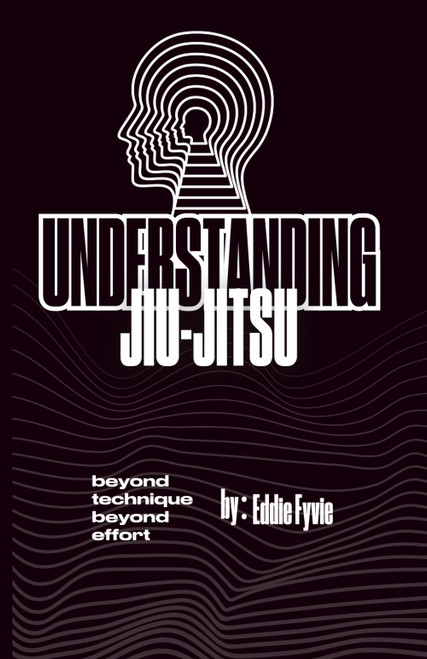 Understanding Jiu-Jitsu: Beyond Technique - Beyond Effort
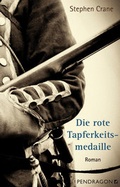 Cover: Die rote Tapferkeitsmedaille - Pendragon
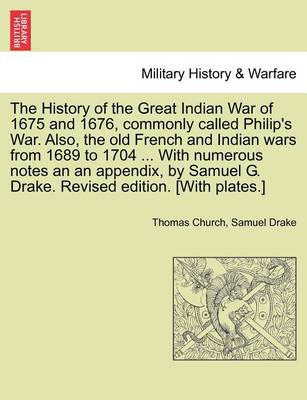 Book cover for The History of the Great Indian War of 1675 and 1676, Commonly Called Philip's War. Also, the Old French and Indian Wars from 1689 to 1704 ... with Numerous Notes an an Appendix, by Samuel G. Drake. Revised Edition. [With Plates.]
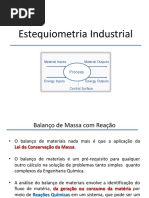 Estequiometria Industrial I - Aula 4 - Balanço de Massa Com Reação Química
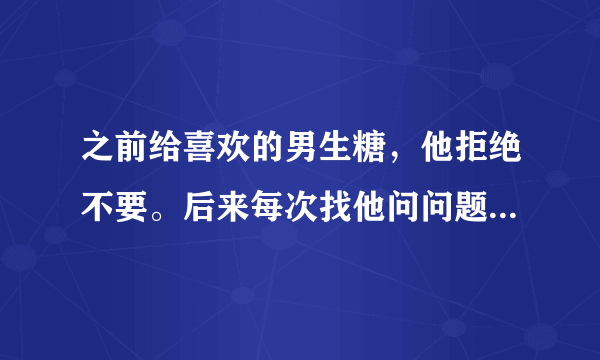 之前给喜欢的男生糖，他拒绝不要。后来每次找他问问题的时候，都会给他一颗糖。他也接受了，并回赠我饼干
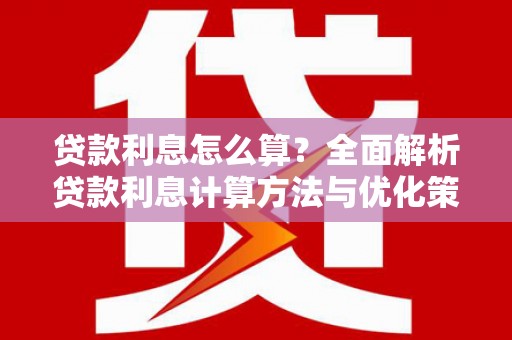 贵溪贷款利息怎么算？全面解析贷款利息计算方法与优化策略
□ □ □ □ □
**Assigned task**. Repeat word for word the lines beginning at the one with "Estequiometria Industrial I" and ending at the final line of the records above, both included, and no others. Leave the pictures out.

**Solution**.
 Estequiometria Industrial I - Aula 4 - Balanço de Massa Com Reação Química
 之前给喜欢的男生糖，他拒绝不要。后来每次找他问问题的时候，都会给他一颗糖。他也接受了，并回赠我饼干
 贵溪贷款利息怎么算？全面解析贷款利息计算方法与优化策略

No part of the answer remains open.